The projectiles were fired from the DPRK's eastern coastal county of Tongchon earlier in the day, and flew around 230 kilometers to an altitude of 30 km, according to the ROK's Joint Chiefs of Staff, cited by the Seoul-based Yonhap news agency.
"Our military is monitoring the situation in case of additional launches while maintaining a readiness posture," the JCS said in a news release.
The Japanese Defense Ministry said it did not see any imminent security threat from the latest projectile launch.
An anonyms official from the United States said initial information indicated at least one projectile was fired by the DPRK and appeared to be similar to the short-range missiles fired in previous weeks, according to a Reuters report.

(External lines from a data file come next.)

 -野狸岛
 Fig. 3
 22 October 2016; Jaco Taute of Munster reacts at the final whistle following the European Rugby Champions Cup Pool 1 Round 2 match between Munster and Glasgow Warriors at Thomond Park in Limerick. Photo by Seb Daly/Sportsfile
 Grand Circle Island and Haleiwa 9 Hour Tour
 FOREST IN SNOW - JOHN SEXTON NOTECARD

Li Chengri, a researcher at the Chinese Academy of Social Sciences, said the launch, which was the sixth in three weeks since July 25, was the DPRK's protest at the ongoing U.S.-ROK military drills, lasting from Aug 11 to 20.
The scholar said Pyongyang also wants to take some initiatives for future DPRK-U.S. talks by testing new weapons. "On the other hand, this was an action that Pyongyang arranged following its need of military development to test some new equipment."

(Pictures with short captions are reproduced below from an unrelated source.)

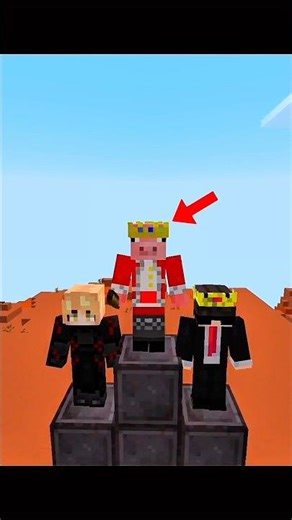 How Pro SMP Players Grind?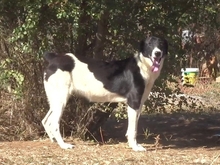 ELSA, Hund, Herdenschutzhund-Mix in Griechenland - Bild 1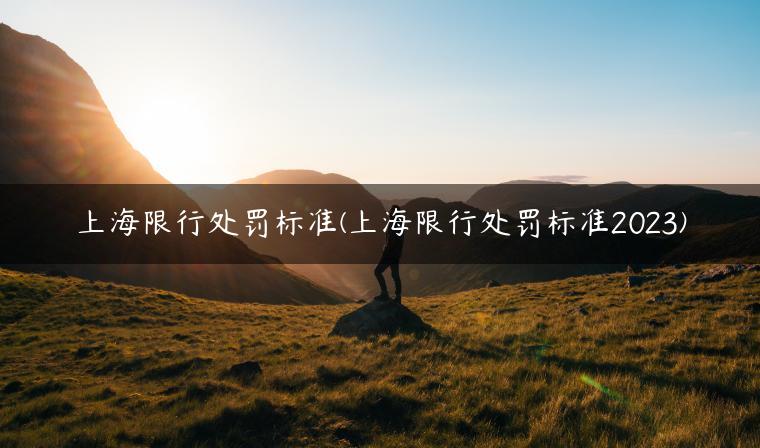上海限行处罚标准(上海限行处罚标准2023)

The launch expressed the DPRK's frustration over stalemated nuclear talks with the U.S. as well as the U.S.-ROK drills that DPRK sees as an invasion rehearsal, an AP report said.
Chung Eui-yong, a top national security adviser for ROK President Moon Jae-in, held an emergency meeting of the National Security Office right after the test-firings, according to the presidential Blue House.
The security office urged the DPRK to stop firing short-range projectiles as the launches can escalate military tensions on the Korean Peninsula.
In a televised Liberation Day address on Thursday, Moon said that a momentum for dialogue remains alive despite the series of "worrying actions" taken by the DPRK recently, calling for Pyongyang to choose "economic prosperity over its nuclear program".
The spokesperson of the DPRK's Committee for the Peaceful Reunification of the Country described Moon as an "impudent guy" who is "overcome with fright", and his comments would make a "boiled head of a cow fall into a side-splitting laughter", according to the DPRK's Korean Central News Agency.
The statement also criticized the ROK's recent acquisition of advanced U.S.-made fighter jets and said it would be "senseless" for Moon to believe that inter-Korean dialogue will automatically begin after the end of the ongoing U.S.-ROK drills.
"The implementation of the historic Panmunjom declaration is now at a deadlock and the power for the north-south dialogue is divested," the statement said, adding that the DPRK has nothing to talk about with the ROK authorities any more or have any plans to sit with them again.
Pyongyang had said it would talk only with Washington and not Seoul, and that inter-Korean dialogue won't resume unless the ROK offers a "plausible excuse" on why it keeps hosting military drills with the U.S.
Li said the strongly worded statement has shown the DPRK's great dissatisfaction to ROK authorities of not making significant progress in the development of the promised series of cultural and economic exchanges between the two sides.